The apartment was a mix of modern and traditional. Grays, whites, blacks with a pop of color on the walls and in the fabric pillows. Plants and bookshelves warmed things up a bit.
“In here,” he told her, eyeing the electronic equipment on the far wall.
“Just so you know, I’ve already checked the light fixtures and smoke detectors and they were clean.”
He raised a brow. “You checked for bugs and cameras?”
Her hands went to her hips, posture going defensive. “Is that a problem? Does that break one of the Rock Star policies?”
“No.” But it certainly made him look at her differently. He liked a woman who took security seriously and wasn’t afraid to get her hands dirty.
The living room, kitchen, and dining area were all open to each other. From the kitchen came the sounds and smells of frying meat, onions, and peppers. “Great,” she said, although her tone was tight. “I’m making fajitas. When you’re done, you’re welcome to join me for dinner.”

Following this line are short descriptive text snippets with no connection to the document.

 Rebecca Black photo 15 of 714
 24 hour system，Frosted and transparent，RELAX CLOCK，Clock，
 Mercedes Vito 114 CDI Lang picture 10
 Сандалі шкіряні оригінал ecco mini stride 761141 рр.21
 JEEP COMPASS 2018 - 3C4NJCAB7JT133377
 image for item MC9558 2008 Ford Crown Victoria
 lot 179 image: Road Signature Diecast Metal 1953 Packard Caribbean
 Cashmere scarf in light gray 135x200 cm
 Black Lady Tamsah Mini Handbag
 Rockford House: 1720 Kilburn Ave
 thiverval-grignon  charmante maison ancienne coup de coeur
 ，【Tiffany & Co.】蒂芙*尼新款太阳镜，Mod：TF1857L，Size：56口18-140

She didn’t wait for a response, marching off toward the kitchen, ponytail swinging once more.
He watched her go, hating himself for enjoying the way her butt moved under the knit yoga pants. Whatever exercise routine she was using, it certainly did a good job of keeping her toned.
Catching himself, he forced his gaze back to the electronics. It had been one long damn dry spell since he’d been around a woman, but he wasn’t insane. He hated Savanna Bunkett, or Jeffries, or whatever the hell her name was. His raging libido needed to crawl back into its hole so he could scan her house and get back out into the hallway for his overnight babysitting job.
Compartmentalization had been necessary in his life. Shutting off unwanted thoughts, focusing only at the task at hand, never getting distracted. Even as an assassin for C&C, he’d had to check his own moral compass and just do the job, no matter what it was. He was a soldier for his country. He followed orders.
Until he hadn’t.
And now, here he was.
Removing a small set of screwdrivers and a digital scanner from his pockets, he made efficient work of the living room. He found a few dust bunnies and an impressive flat screen with all the bells and whistles while he shut down thoughts of pretty women, homemade food, and the fact there was a high price on his head because of his insubordination.
Soft music played in the kitchen. Savanna hummed along as she banged pots and pans and set the dining room table for dinner. His stomach growled, even though he’d eaten enough for six men in the past couple of days at the training center. After eighteen months in prison on rations made for rats, he wasn’t sure if he’d ever get enough real food.
Leaving Savanna to eat alone, he headed to the bathroom. The humid air was still ripe with the scent of her shampoo and body wash, steam clouding the mirror. Why didn’t she use the fan?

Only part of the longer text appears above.